W następnym dniu powtarzamy schemat wycieczki – tym razem jedziemy w dokładnie odwrotną stronę, wysiadamy w małym miasteczku i idziemy przejść się po okolicy. Jesteśmy u bram El Parque Nacional Sierra Nevada, największego parku narodowego wenezuelskich Andów. Tu przyroda jest jeszcze wspanialsza – w tej części Andów dominują lasy mgłowe, gęste, pełne epifitów, lian i wielkich paproci. To też kraina w której spotkać można, endemiczne gatunki ptaków i ssaków – niestety jak zawsze ich dostrzeżenie w splątanym gąszczy jest prawie niemożliwe. Ludzi nie ma prawie żadnych – turyści przestraszyli się chyba wyborów i ryzyka zamieszek a Wenezuelczycy raczej nie należą do miłośników górskich wędrówek.

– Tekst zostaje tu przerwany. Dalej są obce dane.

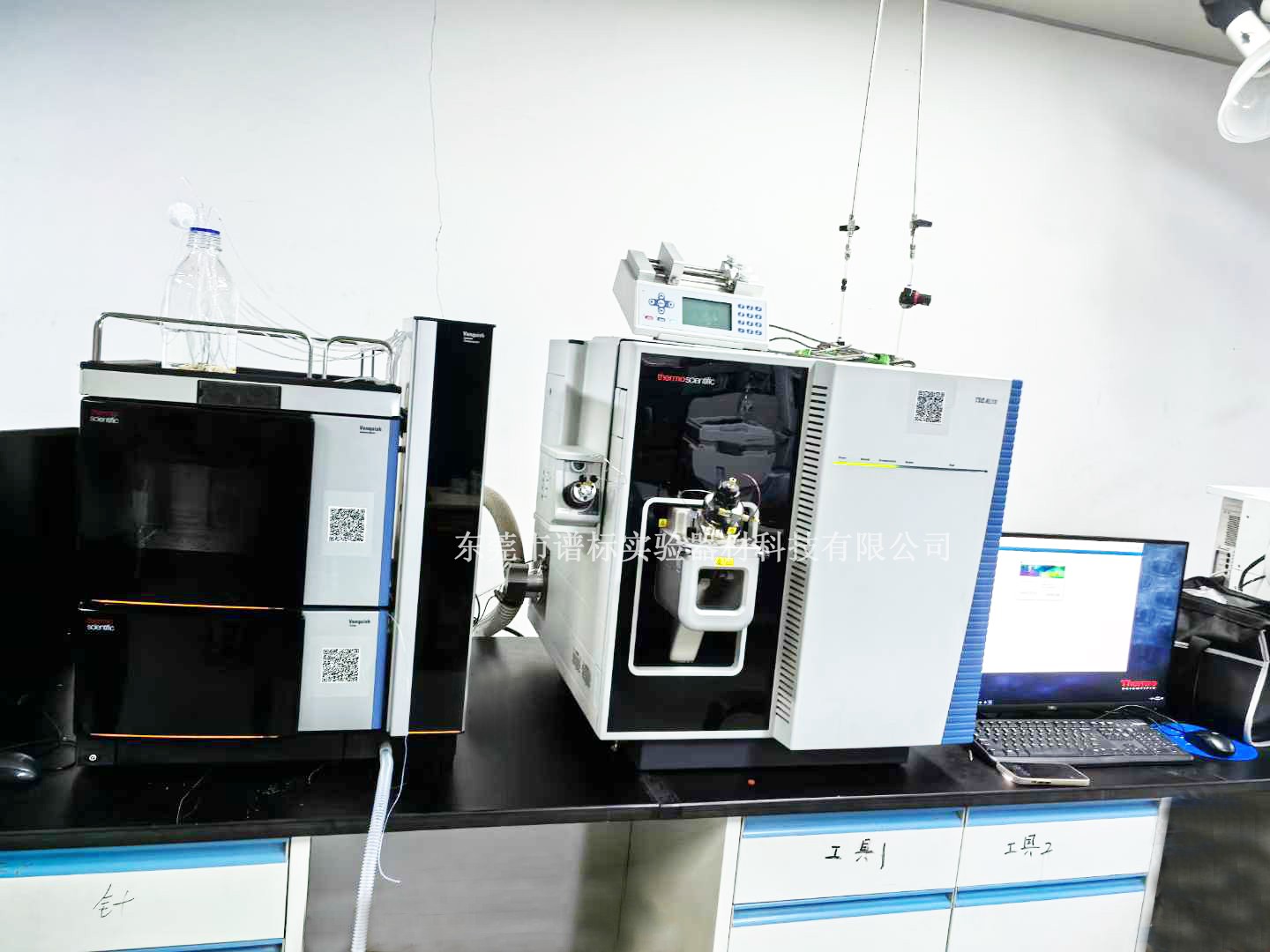 賽默飛高端液質(zhì)質(zhì)（LCMSMS），TSQ ALTIS_20241112101146r.jpg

Wiedzeni informacjami z przodownika i szczerymi zachętami naszych przyjaciół (którzy byli w Wenezueli kilka tygodni przed nami) poszukujemy gorących źródeł. Powstało tam rzekomo coś w rodzaju spa na wolnym powietrzu – baseny z gorącą wodą dające możliwość relaksu strudzonym podróżnikom.